LCEC Power Update

September 29, 2022 – Just over 90 percent of LCEC customers are without power today. In accordance with utility best-practices, damage assessment will take place throughout the six-county service territory today and into tomorrow. More than 500 crews and additional LCEC field employees began evaluating the entire electric grid to determine the quickest strategy to energize main circuits this morning. Depending on their ability to navigate flooded areas, downed bridges, debris, and vegetation, this could take more than one day.

What can customers do?

  • Stay away from downed power lines.
  • Turn off the main breaker to their home/business.
  • Operate generators safely
  • Help neighbors
  • Do not call to report an outage – utilities know the power is out

and are working as quickly, safely, and smartly to restore power.

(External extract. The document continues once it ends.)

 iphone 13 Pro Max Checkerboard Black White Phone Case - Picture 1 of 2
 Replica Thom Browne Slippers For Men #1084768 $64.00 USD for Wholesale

Generator safety tips from LCEC

Wind and debris from Hurricane Ian could cause power outages. Crews are ready to respond and LCEC does not expect extended outages requiring backup power supply. For those customers planning to use a generator, safety is of the utmost importance. Please consider the following tips to keep you, your family, and utility workers safe while using a generator:

  • Don’t connect your generator directly to your home’s wiring at the breaker panel or meter or a regular household outlet. Connecting a portable electric generator directly to your household wiring can be deadly to you and others. A generator that is directly connected to your home’s wiring can ‘back feed’ onto the power lines connected to your home. You could also cause expensive damage to utility equipment and your generator.
  • The only safe way to connect a portable electric generator to your existing wiring is to have a licensed electrical contractor install a transfer switch. The transfer switch transfers power from the utility power lines to the power coming from your generator.
  • Connect individual appliances that have their outdoor-rated power cords directly to the receptacle outlet of the generator, or connect these cord-connected appliances to the generator with the appropriate outdoor-rated power cord having a sufficient wire gauge to handle the electrical load.
  • Don’t overload the generator. Do not operate more appliances and equipment than the output rating of the generator. Overloading your generator can seriously damage your valuable appliances and electronics. Prioritize your needs. A portable electric generator should be used only when necessary, and only to power essential equipment.
  • Never use a generator indoors or in an attached garage. Just like your automobile, a portable generator uses an internal combustion engine that emits deadly carbon monoxide. Be sure to place the generator where exhaust fumes will not enter the house, in a well-ventilated, dry area, away from air intakes to the home, and protected from direct exposure to rain, preferably under a canopy, open shed or carport.
  • Do not store fuel indoors or try to refuel a generator while it’s running. Gasoline (and other flammable liquids) should be stored outside of living areas in properly labeled, non-glass safety containers. They should not be stored in a garage if a fuel-burning appliance is in the garage. The vapor from gasoline can travel invisibly along the ground and be ignited by pilot lights or electric arcs caused by turning on the lights. Avoid spilling fuel on hot components. Always have a fully charged, approved fire extinguisher located near the generator.
  • Turn off all equipment powered by the generator before shutting down your generator.